Era tudo mentira, claro. O estabelecimento de Arif estava longe de ser antigo e muito menos tivera visitantes ilustres, mas aquelas palavras pareciam funcionar junto de muitos turistas e estes não seriam excepção. Depois de trocarem algumas palavras, Ahmed apercebeu-se de que se tratava de americanos. O homem era um loiro falador, mas a mulher, de tez trigueira e grandes óculos escuros, permanecia calada, para agrado do jovem egípcio. A americana teve o cuidado de manter o recato, o que lhe parecia de louvar; afinal as mulheres sempre têm de saber ocupar o seu lugar. Assim sendo, Ahmed apenas tivera de conversar com o marido em inglês, acabando por convencê-lo a visitar a loja de Arif para ver o que pomposamente designou como "os cachimbos de água mais procurados do Cairo".
O guia e os clientes saíram do El Fishawy e calcorrearam apressadamente as ruas do souq.
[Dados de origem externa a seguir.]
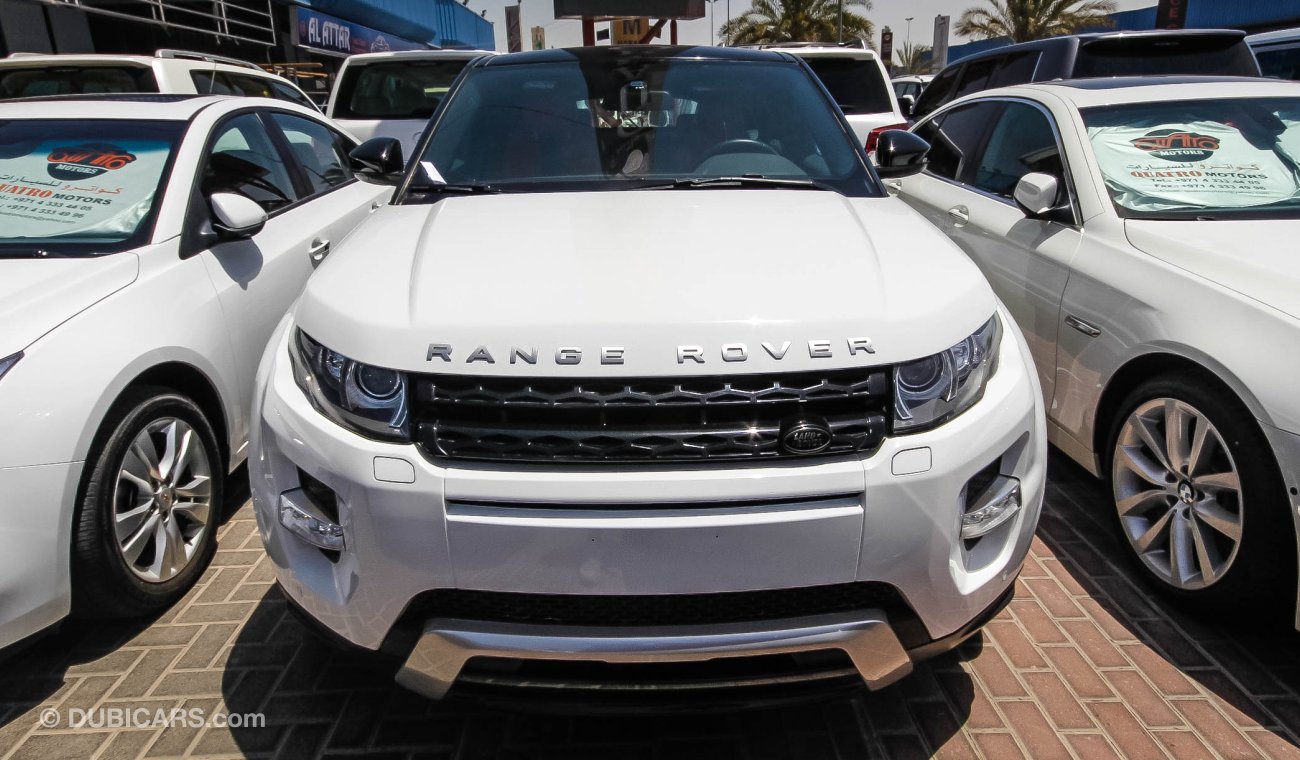 Land Rover Range Rover Evoque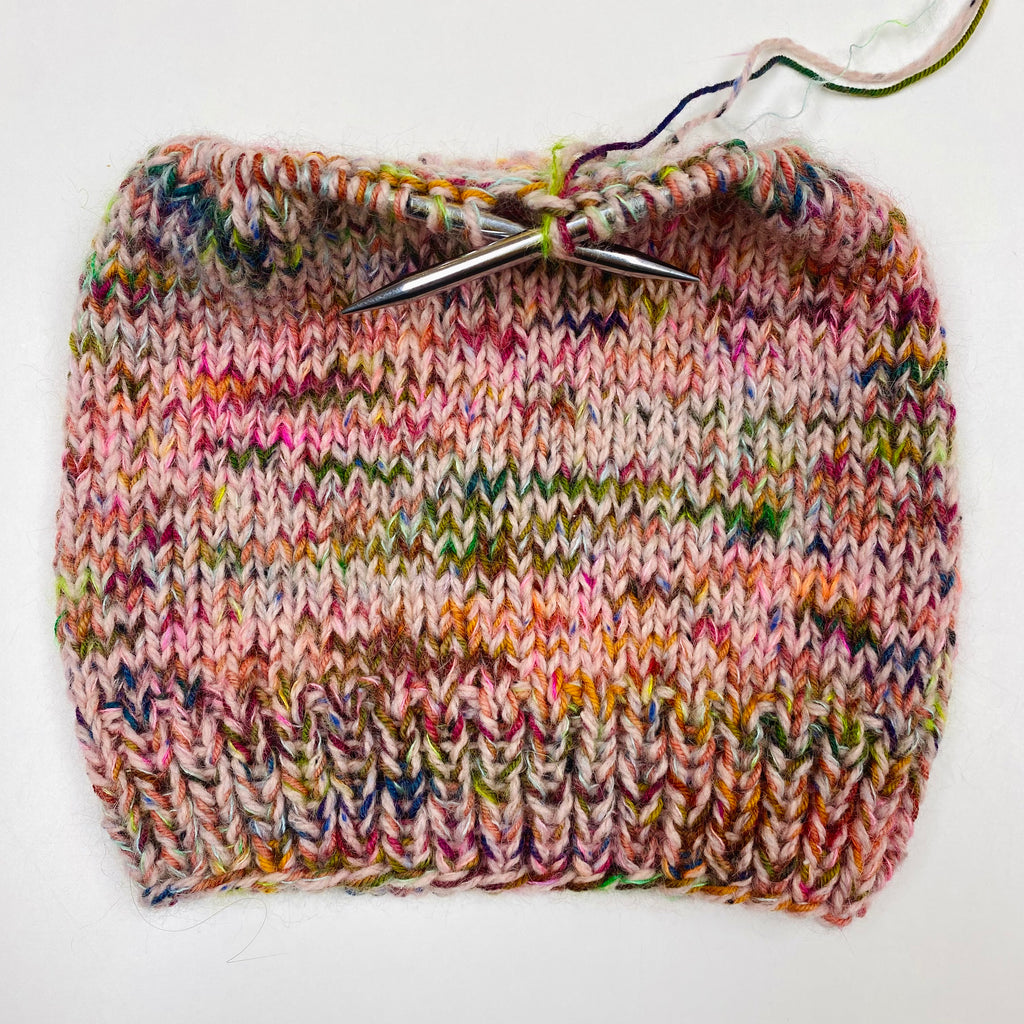 Hat Knitting Kit : 'Cosmic Autumn Rebellion'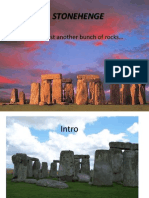 Stonehenge: Not Just Another Bunch of Rocks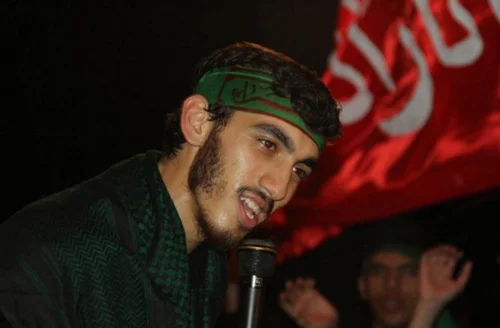 عکس مهدی رسولی بیوگرافی مهدی رسولی، مداح زنجانی اهل بیت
Já na movimentada Sharia Al-Muizz li-Din Allah, a principal rua do Cairo medieval, viraram em direcção ao complexo Al-Ghouri. O minarete pintado com os motivos de xadrez vermelho funcionava como um farol, uma vez que era à sombra dele que se encontrava a loja dos cachimbos de água de Arif, e passaram pelo velho vendedor de especiarias que há anos fazia a Ahmed a mesma pergunta galhofeira.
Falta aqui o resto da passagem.